Soldered that up, read up on serial I/O with the host computer, and wrote a "Hello, World!" that printed those words on my G4 (into a window on the programming environment) when a button was pressed on the Arduino.
That was the first couple of days. I had bought a bit previously a cute little 4-channel RF remote and PC-board receiver from eBay. The header pins fit perfectly into one of the spare header blocks on the Prototype Shield. Soldered up power leads, ran jumpers to the Arduino's input pins -- then had to figure out how to read the output of the receiver.
Finally figured that out. So now when I pressed a button on the keychain-sized remote, a status LED would light on the Arduino, and in a text window on my G4 I'd get a message like "Channel C Received."

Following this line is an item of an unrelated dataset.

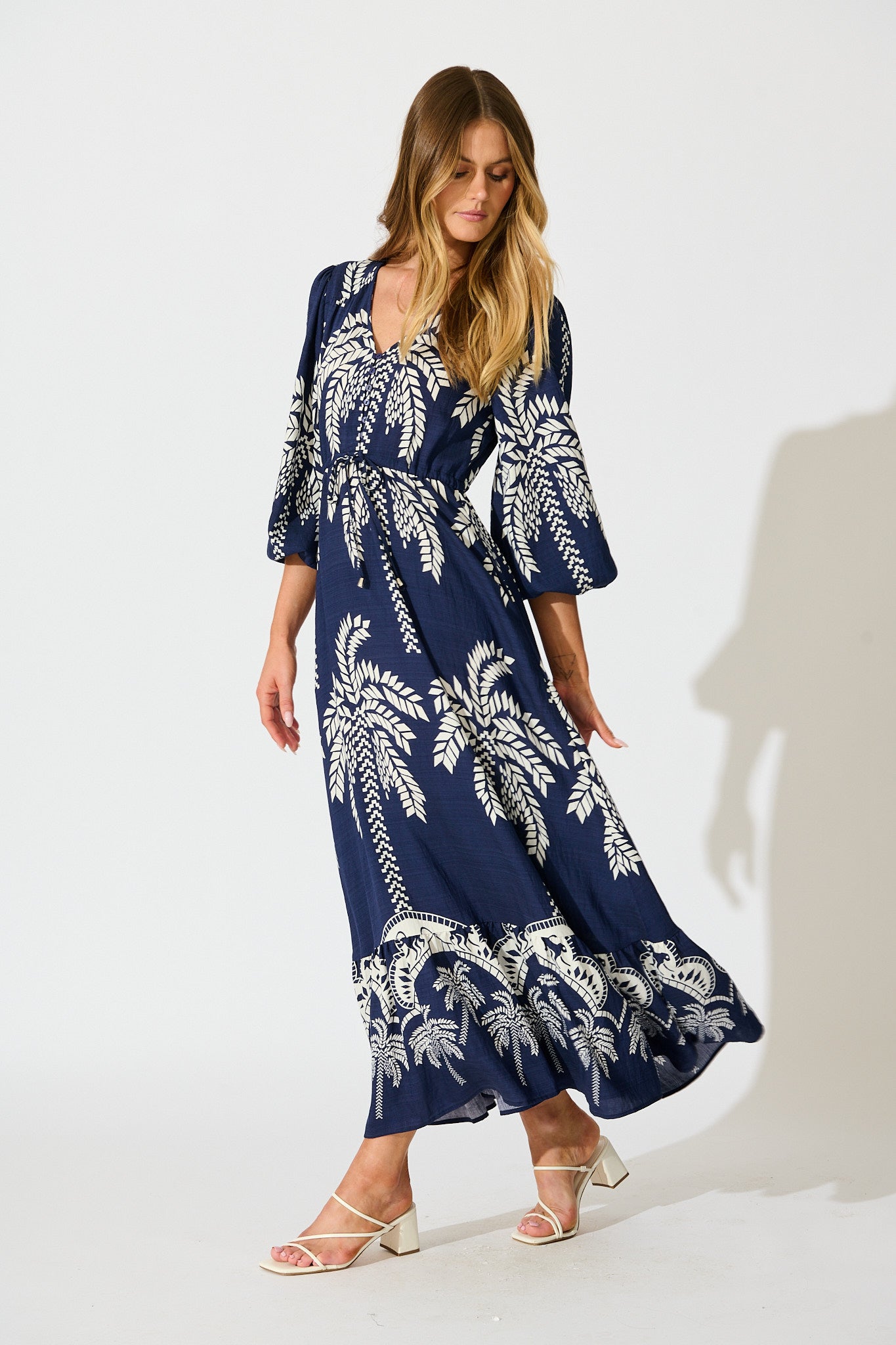 Jazelle Maxi Dress In Navy Palm Print Linen Blend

That last was a bit of a hack. But let me remind you; I'm not a programmer. This is the first micro I've ever played with. And I was last really busy soldering up blinking LEDs somewhere back in the 80's. The stuff now is almost disturbingly easy. One more fall-out of the digital revolution.
Close of the week (okay, Sunday) and the last step. Wired a MIDI jack to my prototype shield, as per some schematics found online. Stuck that in the "MIDI in" port of my old Yamaha QY10 (a portable sound module and sequencer). Then spent quite a few delightful hours making stupid mistakes about MIDI. I thought I was already fluent, due to a long history of composing SystemExclusive messages for sound modules (don't ask!) but I still made some really basic mistakes.
Until, finally, my test program made a note play.
At which point it was a really quick hack to open up the RF Receiver program I had written a few days earlier, plug in the correct Serial.print commands, and....
I could now play piano notes from across the room.
Which by itself doesn't sound like much. But such is the nature of a proof-of-concept. The proof-of-concept here is that a thirty-dollar embedded microprocessor can be easily programmed to create a custom MIDI message or sequence of messages upon a specific hardware trigger.
So I could, right now, hot-glue the keychain remote into my plastic replica Luger, put a gunshot sample in my Boss "Dr Sample," and have a realistic-sounding stage gun that plays out the big theater speakers.
Or stick a larger button on the Arduino, tape it to the wall of the set, and set up a MIDI-fired hot-key cue in the software that's running sound on the current show. Enter a better doorbell sound; actor-triggered, played through the sound system, with tonality and volume completely under control of the designer.
But why stop there? See, the inputs aren't limited to on or off. I can interface with capacitive sensors, motion sensors, light sensors. I can set up parameters under which the chip will react to the sensors, and I can abstract a continuous flow of data. Say, a position sensor connected to a window. When the actor opens the window, sounds of street noise fade up with it. Or, say an ultrasonic sensor; when an actor gets close to the magical tree, tiny lights begin to twinkle and shimmer in interesting patterns.
Because output is of course not limited to MIDI messages. I can throw relays, light displays, run motors, even communicate to Max or Flash on a connected computer. People have attached these things to cameras and cell phones. Made self-contained musical instruments out of them, and wearable light shows.
I look forward to seeing what theater-related ideas I can come up with for mine.
This is a old entry from my previous journal. Since writing this I have made extensive use of the core technology whose development I described here, and am on version #3 of the hardware. Among the things I have done is check a monitor system from the stage by triggering keyboard or sound samples from my keychain remote, step through and listen to all the sound cues in a show from out in the house, fire off sound effects from a remote button located in the orchestra pit or just over by the Stage Manager, and even created -- but have not yet used in production -- a MIDI-controlled video projector douser.